Upstairs in my mind is every bit as wonderful as Ben had pictured it in our play. And I didn’t even have to pay for this upgrade. Of course, the upgraded part of the flight lasted 1 hour and 11 minutes, 3 of which were used up by the safety film, but we enjoyed every bit of it.
But getting back to Ben. It is not that Ben has no imagination. Actually, he is a visionary. The problem is that his imagination cannot bend and blur into something that isn’t quite real (Winnicott, Playing and Reality, London:Tavistock Publications Ltd., 1971), that can give him pleasure in that dreamy kind of way that enhances you just by picturing it. For Ben, as soon as he begins on that path of dreaming about what he desires, the intensity of his desire is not mitigated by fantasy. It short circuits into “needing” something real. In Fonagy et al’s term, he stops mentalizing (Fonagy P, Gyorgy G, Jurist EL, & Target M, Affect Regulation,Mentalization, and the Development of the Self. New York:Other Press, 2002).

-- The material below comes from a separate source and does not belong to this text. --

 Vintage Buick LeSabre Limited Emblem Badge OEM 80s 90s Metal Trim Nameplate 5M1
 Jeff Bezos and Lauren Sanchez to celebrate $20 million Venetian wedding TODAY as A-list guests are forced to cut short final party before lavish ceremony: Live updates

Imagine the plight of his parents. When Ben gets a bee in his bonnet, he wants the real thing, the biggest boom box, the most powerful electric fan, anything. The internet is an opium den for kids like Ben, where they can identify and locate the biggest, the best thing that they desire. When his parents tell him that he cannot have it, he becomes disconsolate, he cannot stop asking, demanding, pleading. He promises that this is the last time he will ever ask for something like this. If they set a limit, he is miserable and makes their lives miserable. If they give in and get it for him, his excitement is unbounded, and he cannot talk about anything else, making their lives miserable in a different way.
How do I help his parents make decisions about what to do in this kind of situation? It is not easy. In our therapy, I try to engage Ben in building new capacities. “Ben,” I tell him, “You have a remarkable brain.” He looks content. “You are one of the smartest people I know.” He still looks happy. But there are parts of your brain that need work.” He looks mad and exclaims vehemently, “Not true.” “Well,” I say, “It is hard for you to stay in your imagination long enough for you to build your dreams bigger and better. Suddenly, something cracks and you fall down into reality again and want the real thing right now. That is a problem because life doesn’t work that way.” He gets belligerent for a while, but he sees that I am unflustered. He restates his position that when he desires something, he has to have it, and that is that. I call up in my mind another boy years ago who struggled with similar issues and decide to use his solution. “You can have your opinion, and I can have mine.” Ben cannot argue with that logic.
But I have gotten distracted from my message to his parents. I am on the right track now, though, because I am fully in empathic contact with them. As I leave the plane, I think, “Shall I tell Ben that I went upstairs?” But even more pressing is my concern that if I did tell him, he would ask me if there were a private pool, and somehow I feel a huge resistance to taking that fantasy away from him. That must be how his parents feel, too.